An Interesting Perspective on Optometric Residencies


Last month, Steven Turpin authored a column for New Grad Optometry titled: Residency in Optometry – No Need For One.  The bio box at the end of the piece indicates that Steven is a 4th year optometry student attending Pacific University, although the graphic heading the piece lists him as OD, MS.

Turpin Graphic

In any event, Steven makes the point that Residencies may not necessarily be of benefit to every graduate.  I read this with particular interest given that I completed one of the first Residencies in Optometry nearly 40 years ago; that I have served as a private practice Residency Site Supervisor for the past 7 years; and that I have given serious thought at various times to the issues that Steven astutely raises.  This extends to when my son graduated PCO 10 years ago, and we bandied about the relative merits of doing a year’s Residency.

Naturally I’m a bit biased in favor of Residencies, particularly private practice Residencies, the background of which is detailed in this article.  Despite this, given his background and opportunity to work in our practice as an associate, my son – Dr.
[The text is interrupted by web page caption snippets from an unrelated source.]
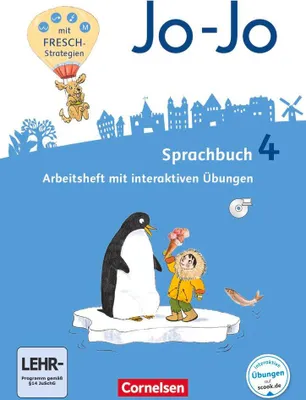 Produktbild von Jo-Jo Sprachbuch 4. Schuljahr - Allgemeine Ausgabe - Arbeitsheft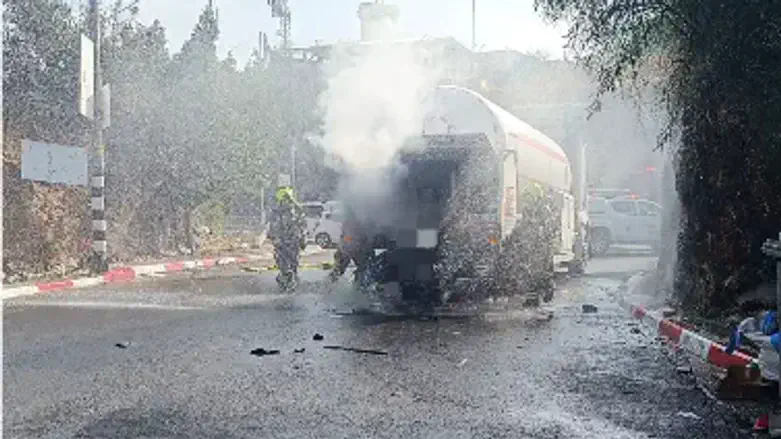 לוחמי האש בזירה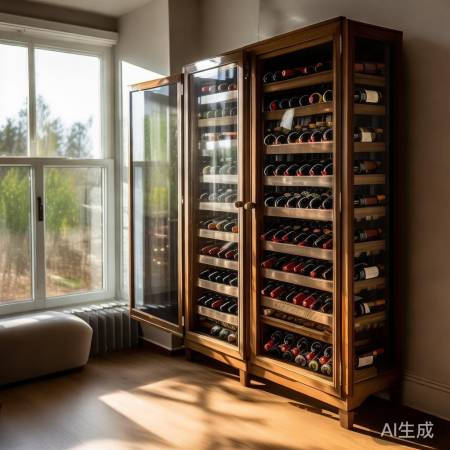 酒柜窗边储酒佳,避光暖气两相宜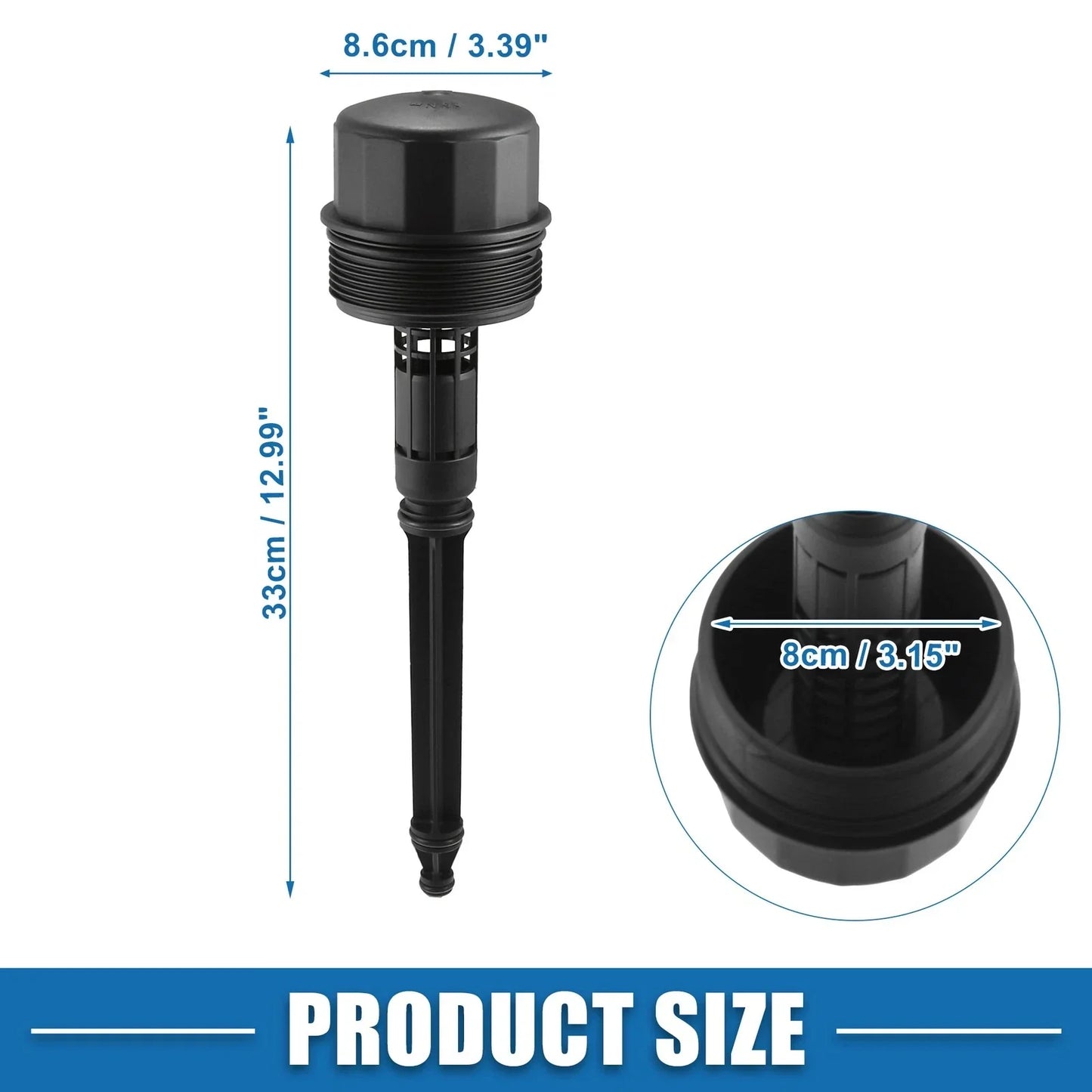 Engine Oil Filter with Housing Cap for Mercedes-Benz C240 C280 C320 (2001-2005)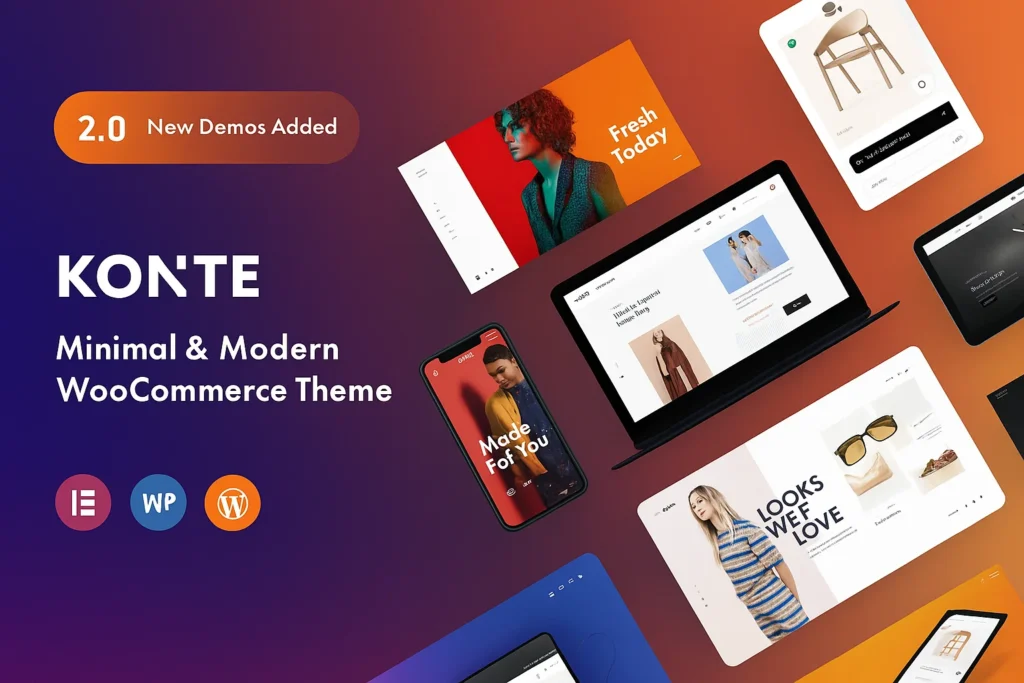 Konte v2.4.9 WordPress Theme - Diseño moderno y versátil
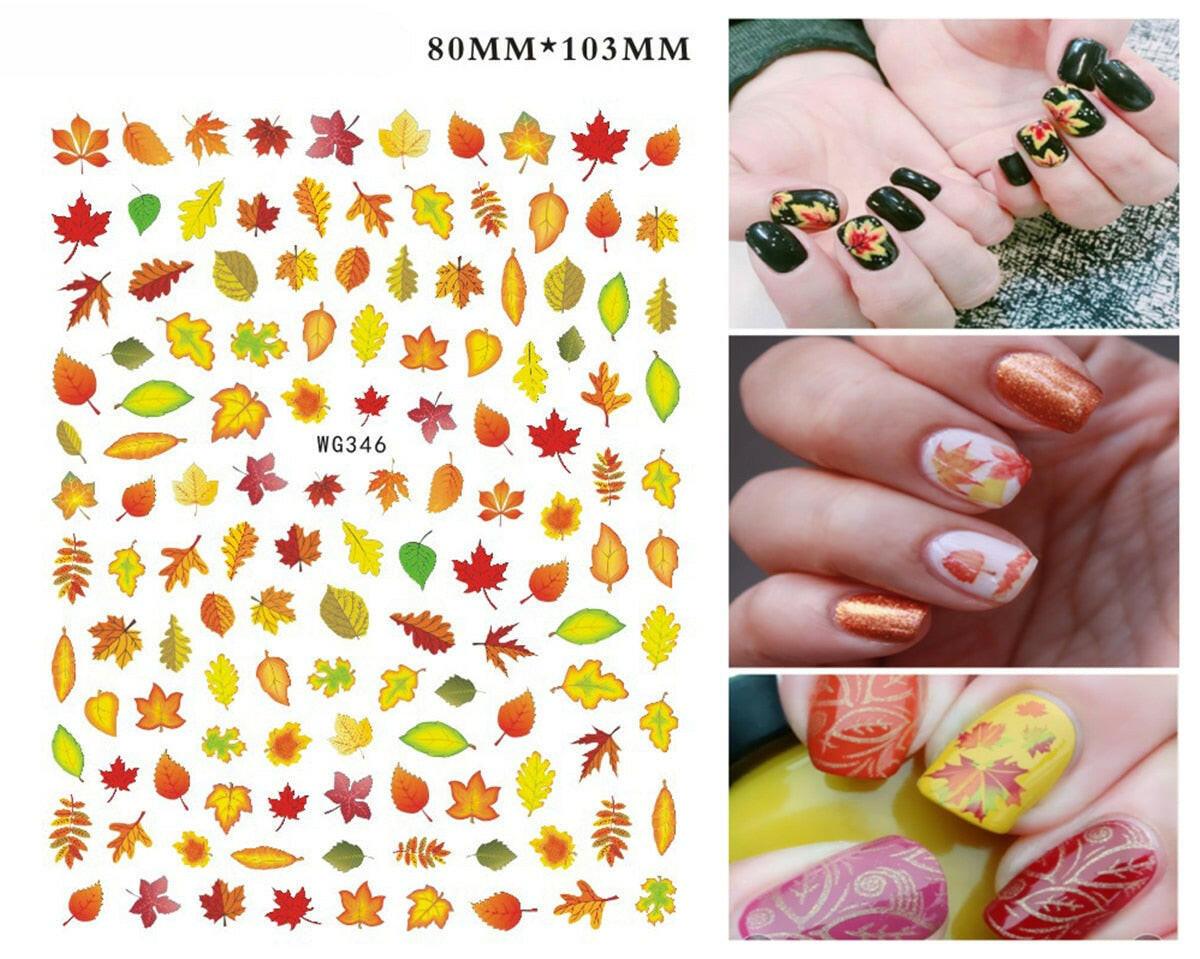 wtf 3D Nail Sticker Girl Manicure Decals Decoration Stickers for Nails Cute Cat Candy Fish Design Nail Art Sticker Accessories.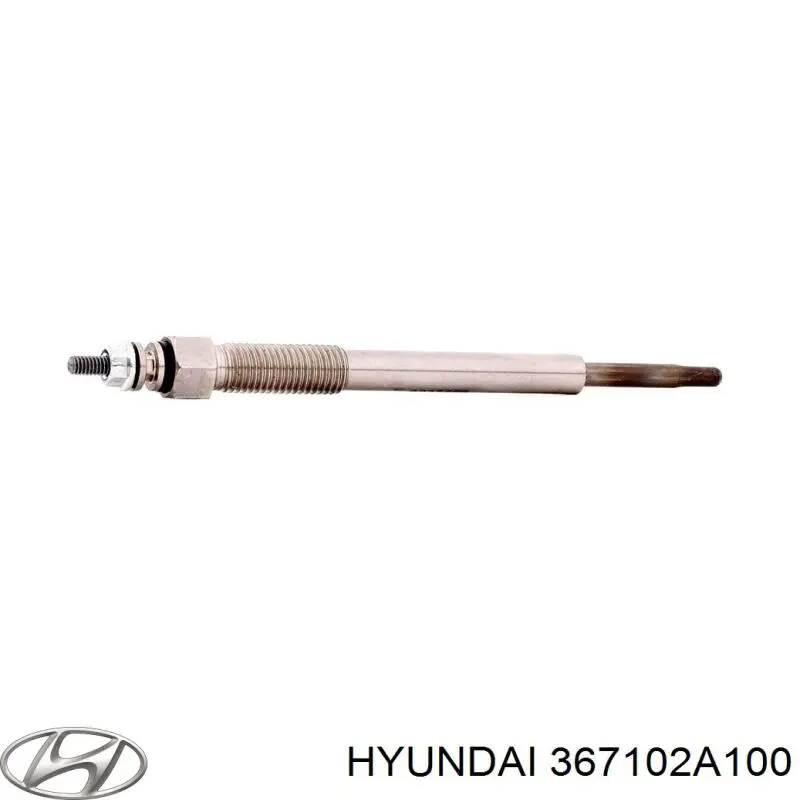 Купити 367102A100 Hyundai/Kia Свічка накалу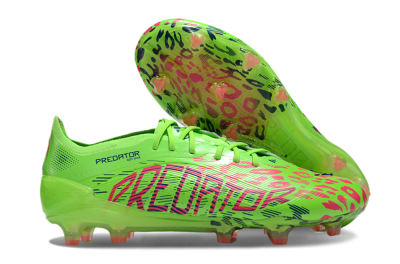 Unisex Adidas Predator Elite 24 FG Firm Ground Low-Tops Football Boots - Yellow/Blue/Purple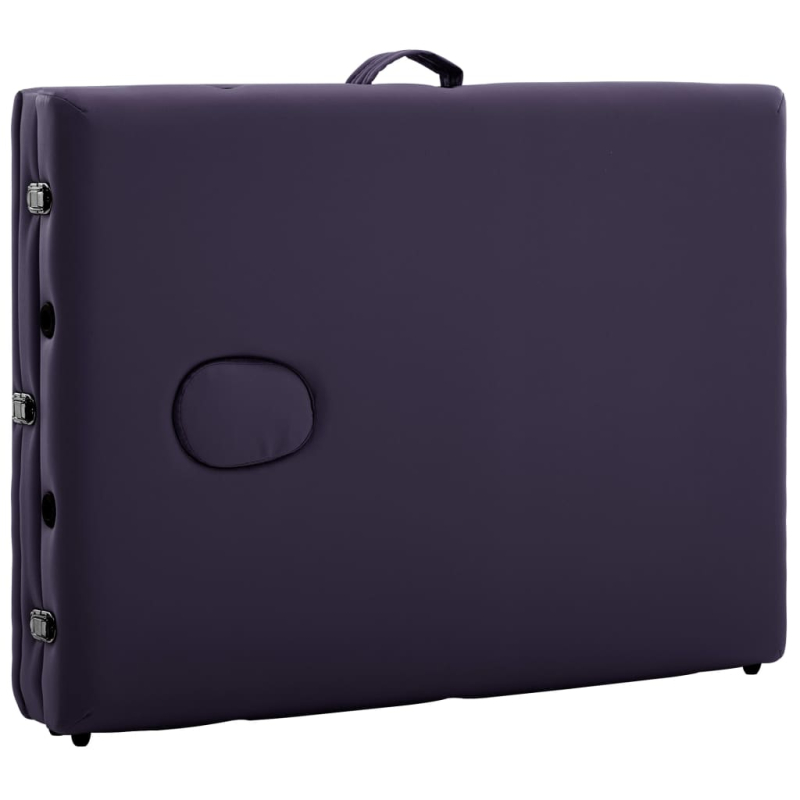 Massageliege Klappbar 3-Zonen mit Aluminiumgestell Lila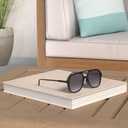 Retro Polarized Aviator Sunglasses Womens Men Vintage Double Bridge Square Sun Glasses AP3606 (P6 Black/Grey & Brown/Green)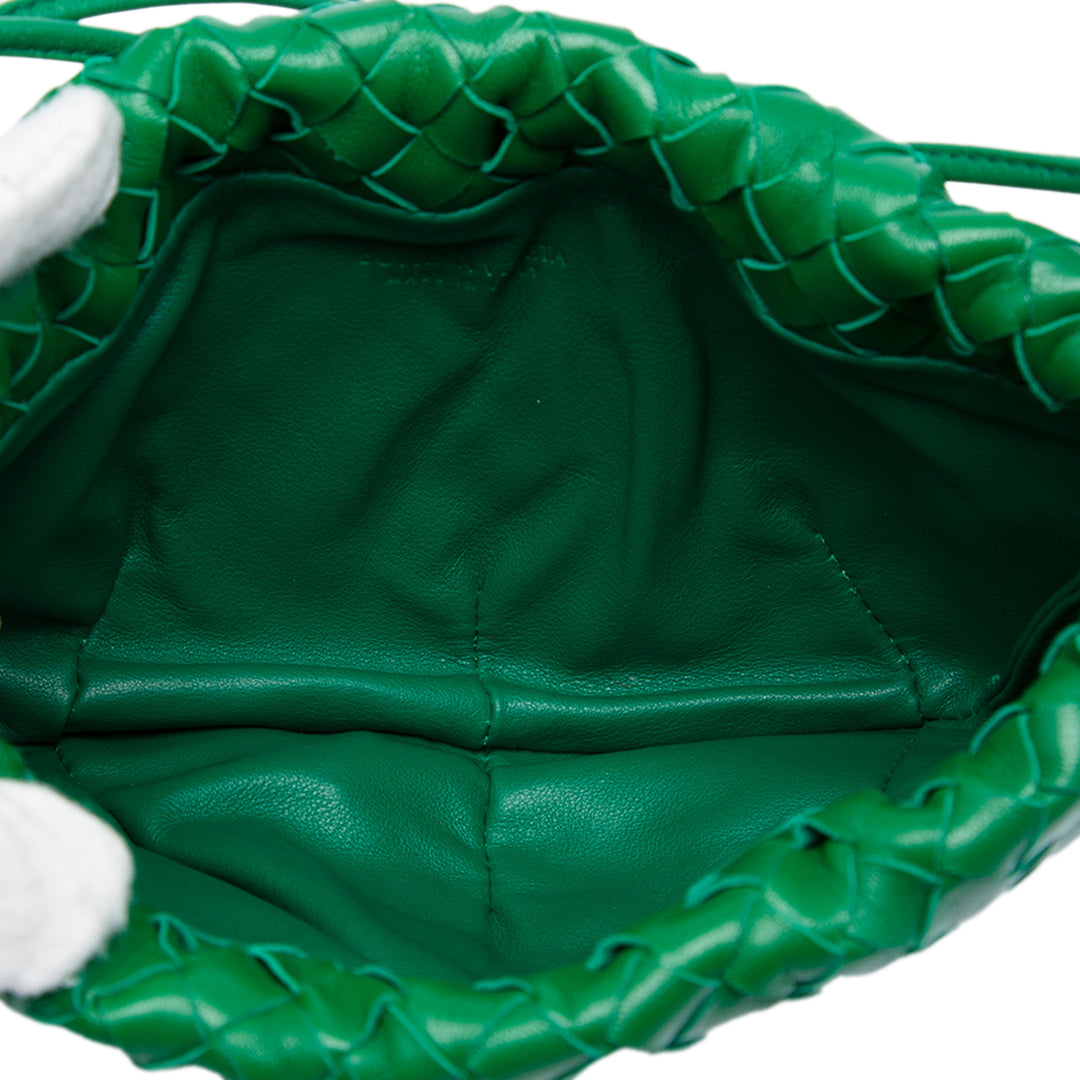 Bottega Veneta Sac bandoulière Intrecciato Bulb nappa Mini Vert – vue 4 – GABY PARIS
Daniel Press – decided to forego a Residency.  Or perhaps stated another way, he opted to do what Steven refers to in his column as a “Real World Residency”.  When he relocated to the Chicago area, Dan joined the staff of North Suburban Vision Consultants, engaging in primary care as well as the speciality that he had trained for.

But here is an intriguing statement that Steven makes that is either puzzling, or a sobering wake-up call.  He poses the question,  Does a residency improve possible opportunity or restrict it?… and responds:  Surprisingly, improve is not always the answer. I’ve talked to Peds/VT residents that felt their training actually hurt their chance of getting a job in a primary care setting.


5 thoughts on “An Interesting Perspective on Optometric Residencies

  1. There is nothing new here: One OD student saying he doesn’t see the value of a residency. Others do, and others, like me, were not in a position to do one, but see the value. To suggest there is no place for residency because it may hinder job prospects is a red herring: I know of no VT/Peds grad with a residency that is not now working in VT/peds. What do I know.

    • That’s what I was getting at. It would be a sad commentary if Residents looking for opportunities to join practices (or institutions) where they had significant responsibilities in “primary care” were told that their VT Residency makes them less attractive to hire. I would like to know if that is an isolated episode based on what sounds like unwarranted bias.

  2. BTW, Dr. P, I wouldn’t call this interesting so much as redundant. PS – One of the reasons my VT/Peds colleagues never seem to have trouble finding work is because they often have no trouble ‘making’ work.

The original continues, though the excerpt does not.